Kilter is a sustainable theatre group based in Bath. Their venues often don’t have a stage, there’s no plush seating and there are no house lights. Performances take place on allotments lit by sunshine, with upturned pots for seating, or at various locations along the Bristol-Bath railway path.
Kilter’s members are introducing a new style of activism to the residents of Bath: site-specific theatre productions that focus very clearly on sustainability issues. The company use hands-on, loosely improvisational performances to raise awareness about environmental issues such as local food production and cycling.
Oliver Langdon, one of the three founding members, explains their goals: “We want to entertain, to tell a story and to ignite people’s imaginations.”

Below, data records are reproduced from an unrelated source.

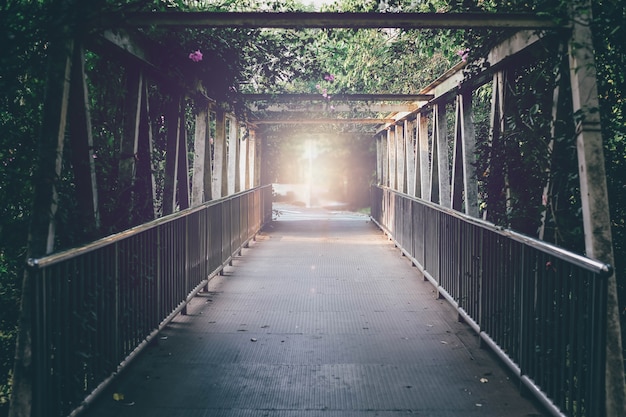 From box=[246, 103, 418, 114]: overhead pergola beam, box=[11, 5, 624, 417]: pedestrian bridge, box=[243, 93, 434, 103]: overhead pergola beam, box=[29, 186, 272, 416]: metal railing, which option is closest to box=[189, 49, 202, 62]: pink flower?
box=[11, 5, 624, 417]: pedestrian bridge

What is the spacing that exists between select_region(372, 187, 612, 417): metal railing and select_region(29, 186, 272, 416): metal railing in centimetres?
252

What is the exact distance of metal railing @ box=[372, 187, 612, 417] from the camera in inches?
119

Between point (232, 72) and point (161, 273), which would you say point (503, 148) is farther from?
point (232, 72)

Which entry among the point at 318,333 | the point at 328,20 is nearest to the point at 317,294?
the point at 318,333

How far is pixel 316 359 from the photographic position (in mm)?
4941

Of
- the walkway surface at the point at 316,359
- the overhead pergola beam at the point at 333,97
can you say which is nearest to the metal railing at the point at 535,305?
the walkway surface at the point at 316,359

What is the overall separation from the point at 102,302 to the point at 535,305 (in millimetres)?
2557

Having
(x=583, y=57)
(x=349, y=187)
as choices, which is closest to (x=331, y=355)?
(x=583, y=57)

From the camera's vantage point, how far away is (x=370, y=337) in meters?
5.58

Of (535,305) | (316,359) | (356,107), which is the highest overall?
(356,107)

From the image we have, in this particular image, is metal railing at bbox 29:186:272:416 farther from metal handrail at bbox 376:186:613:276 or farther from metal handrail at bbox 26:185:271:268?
metal handrail at bbox 376:186:613:276

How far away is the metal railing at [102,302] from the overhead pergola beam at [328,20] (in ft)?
5.02

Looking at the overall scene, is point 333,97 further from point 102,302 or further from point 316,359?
point 102,302

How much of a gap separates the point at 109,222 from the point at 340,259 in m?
6.02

Oliver and his colleagues, Caroline Garland and Claire Wyatt, are seeking fresh ways of approaching the public about sustainability issues. They believe that people are growing tired of seeing traditional images of polar bears and low-energy light bulbs in the media toillustrate the dangers of global warming. Oliver says: “As a tool for raising awareness, theatre is underused. A real-life person telling you something has a different effect.”

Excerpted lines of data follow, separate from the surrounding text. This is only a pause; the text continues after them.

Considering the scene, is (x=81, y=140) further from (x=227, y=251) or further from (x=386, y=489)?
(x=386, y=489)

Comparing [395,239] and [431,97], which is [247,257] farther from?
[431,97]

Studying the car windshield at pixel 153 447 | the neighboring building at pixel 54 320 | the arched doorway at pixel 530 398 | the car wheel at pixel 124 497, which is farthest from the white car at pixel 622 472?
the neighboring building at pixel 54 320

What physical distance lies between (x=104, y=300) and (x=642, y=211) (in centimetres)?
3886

Kilter began in 2006, when the three friends decided to combine their experience in site-specific and outdoor theatre with their keen interest in environmental issues. Funding initially came from the Debut Project, a group that supported emerging theatre groups. Kilter’s first production, which focused on the idea of a post-oil world, took place in Bath’s Widcombe Abbey cemetery.
Commissions followed, for radio play-style podcasts and educational characters at conferences and festivals, from organisations such as Forum for the Future. Earlier this year, the Egg Theatre in Bath hired the team to create and stage a theatrical treasure hunt for families. Roots, this summer’s performance about food production, received funding from the Institute of Contemporary Interdisciplinary Arts at Bath University and Arts Council England.

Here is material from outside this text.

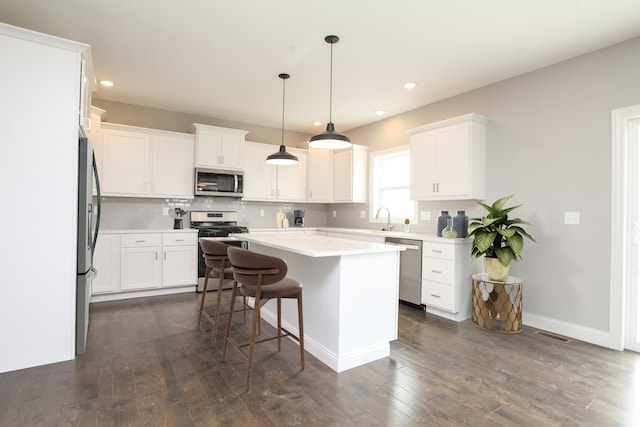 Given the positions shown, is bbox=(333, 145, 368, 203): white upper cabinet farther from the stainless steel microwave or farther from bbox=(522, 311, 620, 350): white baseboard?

While the founding members of Kilter consider themselves activists, their style of activism is far from traditional. The whole process of creating one of Kilter’s productions is an activist venture, Oliver explains. From the moment a location is chosen, he, Caroline and Claire are exploring the site, discovering objects to reuse and recycle in the show, talking with people in the area, experimenting with ideas, and planning aninteractive, engaging theatre experience.
Oliver said: “If a person sees one of us on a roof and asks ‘What’s that person doing?’ that begins the process of engagement. We have a high profile while doing the work.” In this way, a local resident need not even attend the final performance to learn from the message Kilter is trying to share.
Research, the next stage of the process, draws more attention to the upcoming production. One key method of research is talking with people. For Roots, the group’s most recent performance, Kilter asked the public for their thoughts about food production using an online research forum. Kilter posed a series of questions, such as: “What is your earliest food memory?” and “Who is responsible for securing our food supply?” The response to such questions helped the group shape their production, which includes quotes from the research.
The project seems to be working. Shows are selling out. But more importantly, the message is sinking in. Some people who attended Back on Track, last year’s bicycle performance, had not taken their bicycles out of the shed for years. Since they had to cycle to see the show, they’ve taken up cycling again. Oliver says: “People have noticed a change in their lifestyles and have thanked us for it.”